Problem details: Transcribe the whole listing without a single picture.

+ + +

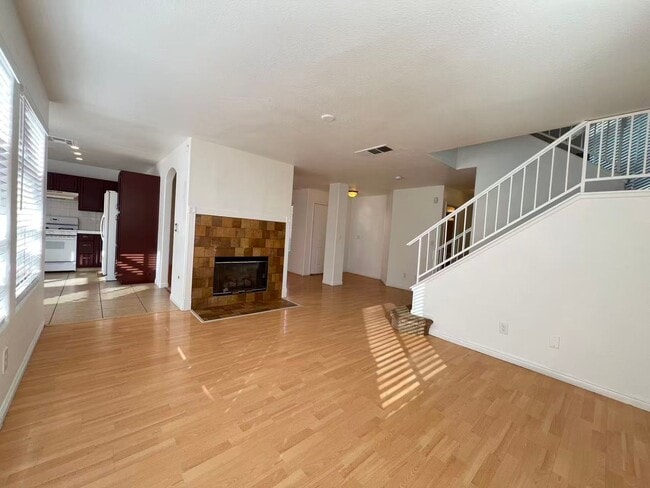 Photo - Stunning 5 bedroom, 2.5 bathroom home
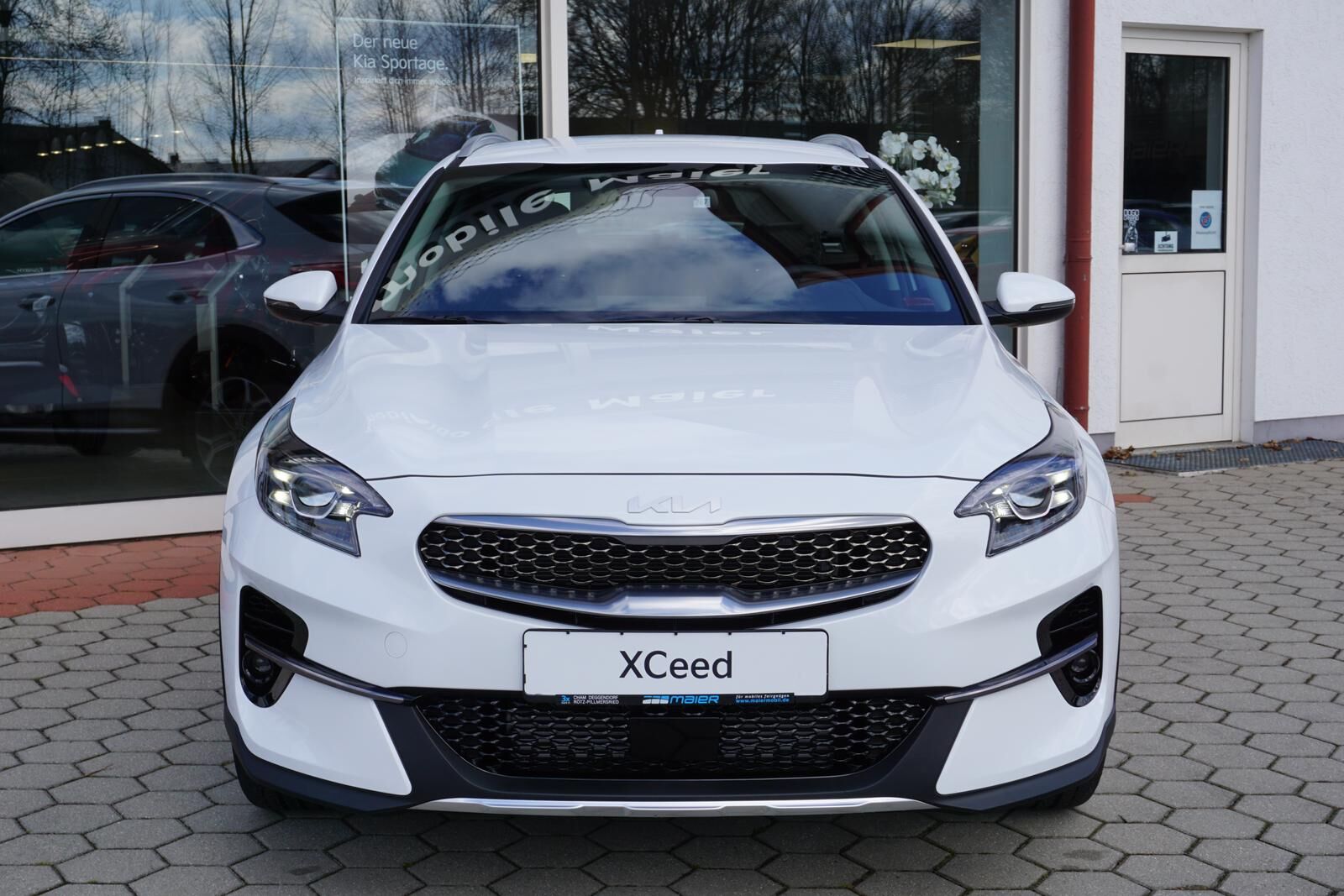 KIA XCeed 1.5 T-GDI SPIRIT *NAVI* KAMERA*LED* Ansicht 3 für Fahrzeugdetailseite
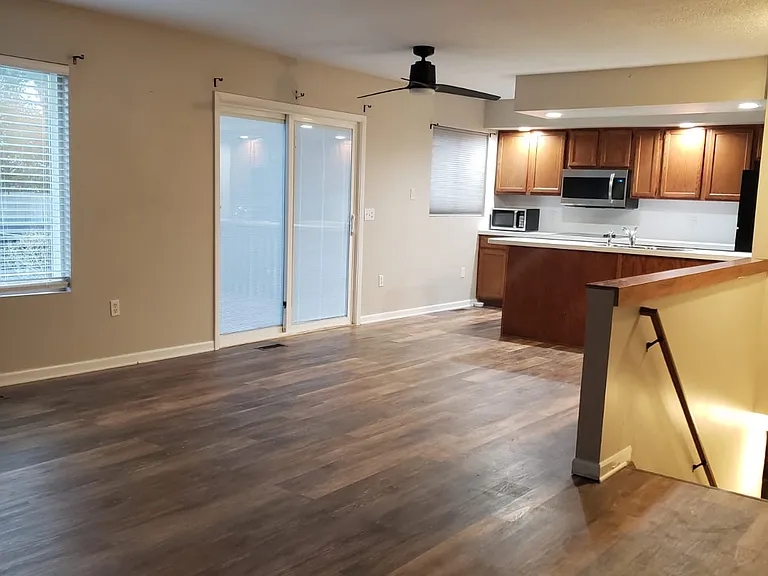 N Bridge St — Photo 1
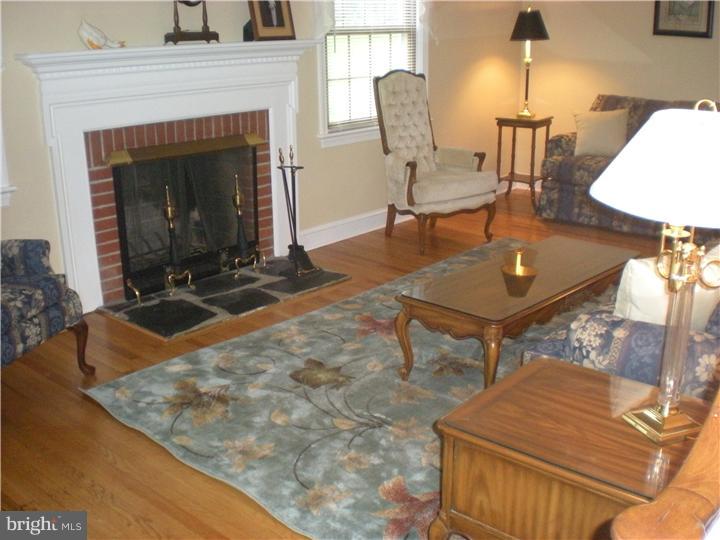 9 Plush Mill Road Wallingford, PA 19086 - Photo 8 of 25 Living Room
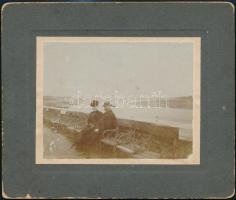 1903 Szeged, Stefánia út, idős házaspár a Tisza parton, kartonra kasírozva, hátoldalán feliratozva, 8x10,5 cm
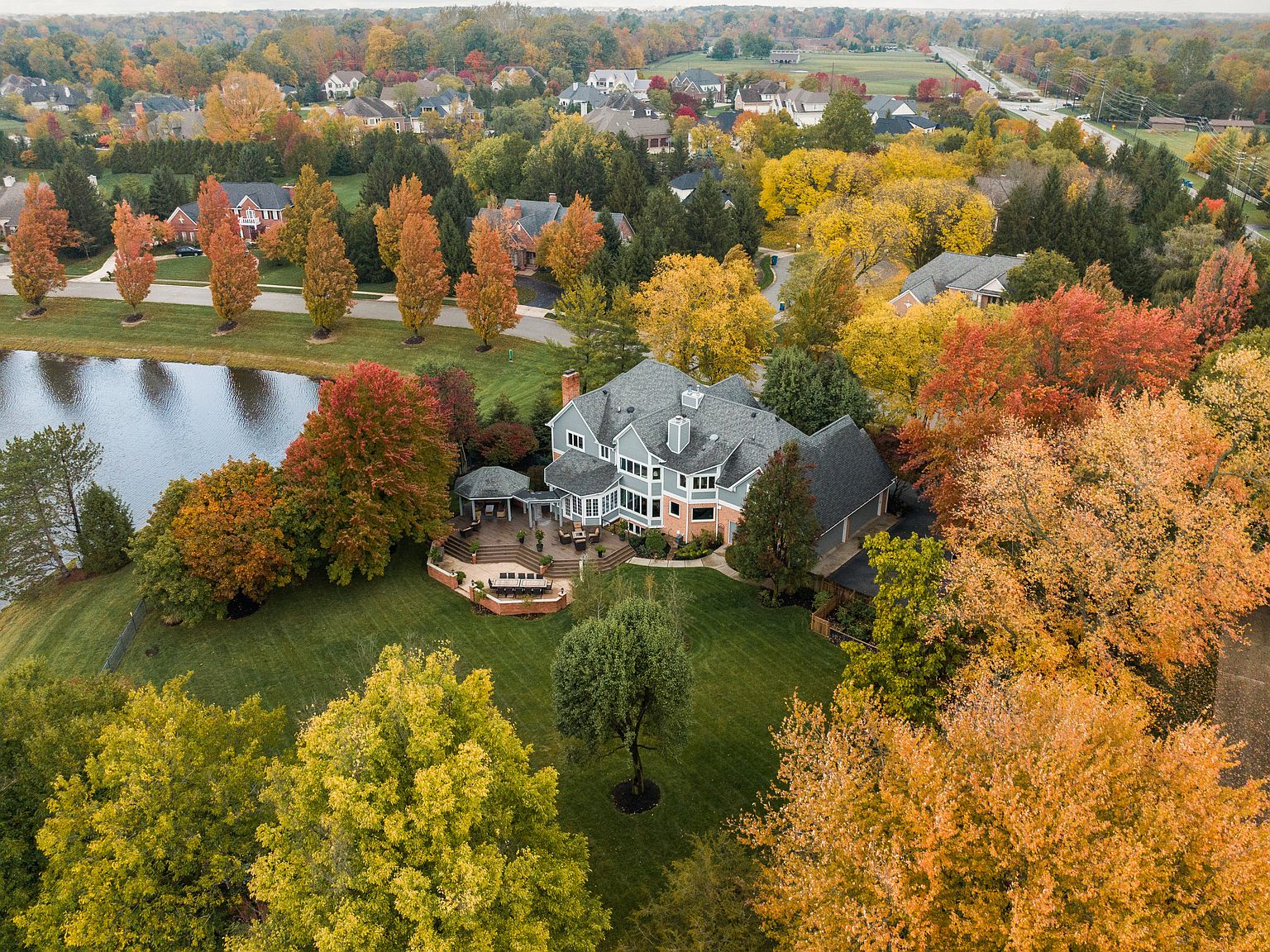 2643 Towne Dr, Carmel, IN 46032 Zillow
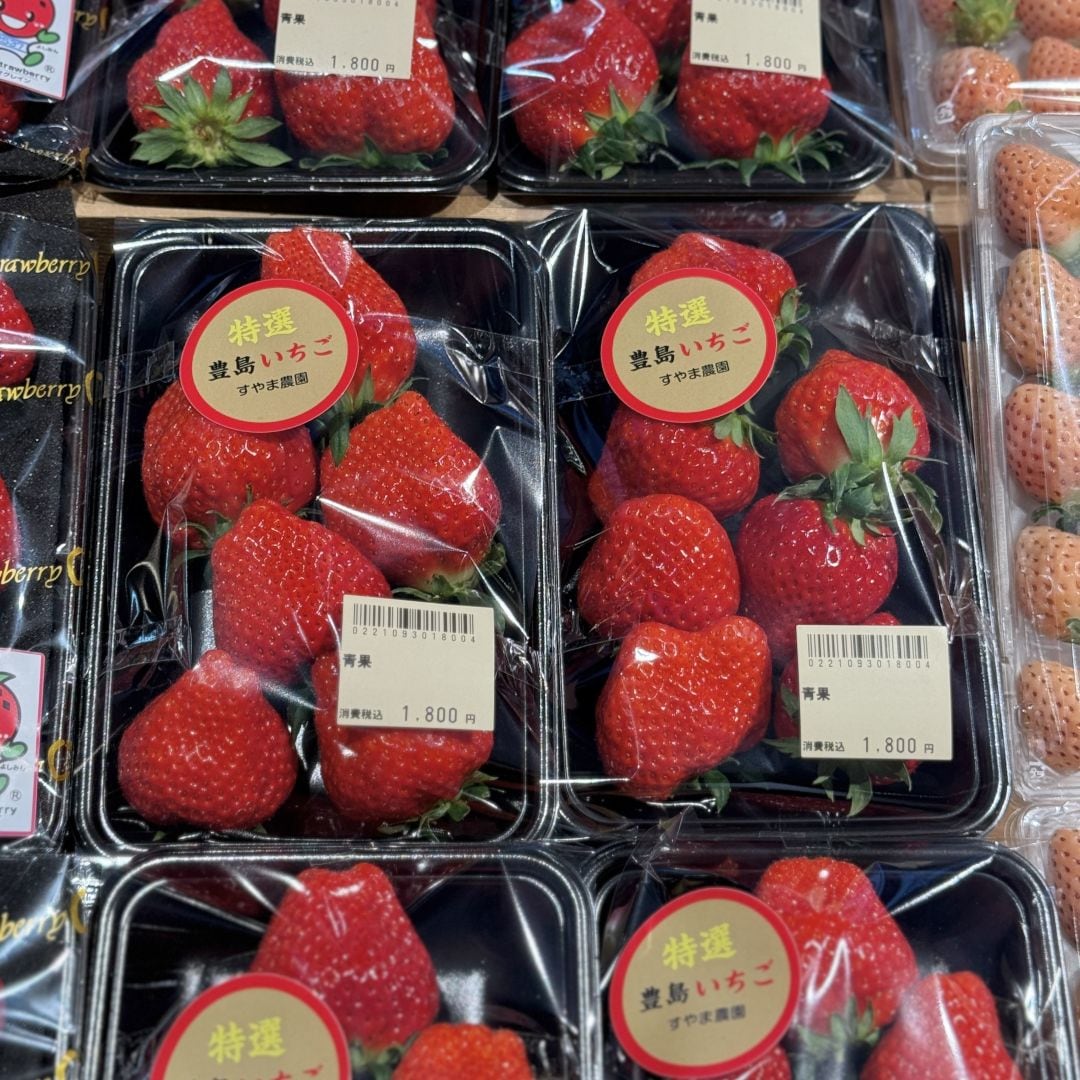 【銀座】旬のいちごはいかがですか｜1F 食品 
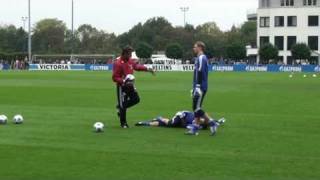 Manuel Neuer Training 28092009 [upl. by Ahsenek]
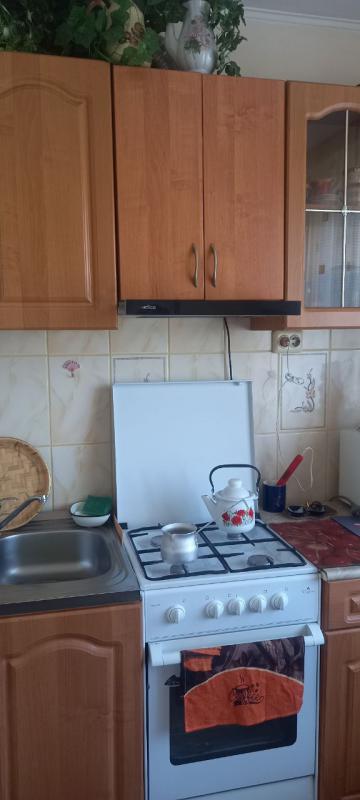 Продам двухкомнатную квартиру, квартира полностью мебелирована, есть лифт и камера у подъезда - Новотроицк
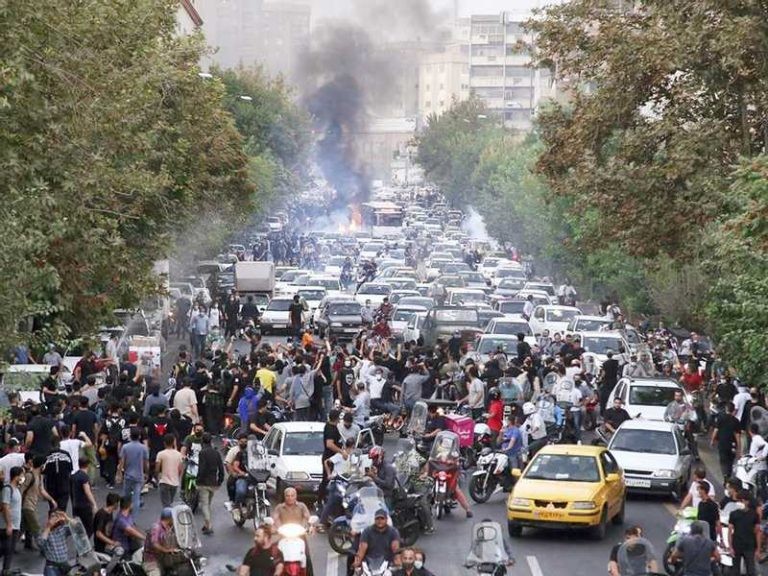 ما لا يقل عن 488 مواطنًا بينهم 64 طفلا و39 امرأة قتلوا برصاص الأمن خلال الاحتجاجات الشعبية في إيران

+ + +

Answer section:
 Photo - Stunning 5 bedroom, 2.5 bathroom home
 KIA XCeed 1.5 T-GDI SPIRIT *NAVI* KAMERA*LED* Ansicht 3 für Fahrzeugdetailseite
 N Bridge St — Photo 1
 9 Plush Mill Road Wallingford, PA 19086 - Photo 8 of 25 Living Room
 1903 Szeged, Stefánia út, idős házaspár a Tisza parton, kartonra kasírozva, hátoldalán feliratozva, 8x10,5 cm
 2643 Towne Dr, Carmel, IN 46032 Zillow
 【銀座】旬のいちごはいかがですか｜1F 食品 
 Manuel Neuer Training 28092009 [upl. by Ahsenek]
 Продам двухкомнатную квартиру, квартира полностью мебелирована, есть лифт и камера у подъезда - Новотроицк
 ما لا يقل عن 488 مواطنًا بينهم 64 طفلا و39 امرأة قتلوا برصاص الأمن خلال الاحتجاجات الشعبية في إيران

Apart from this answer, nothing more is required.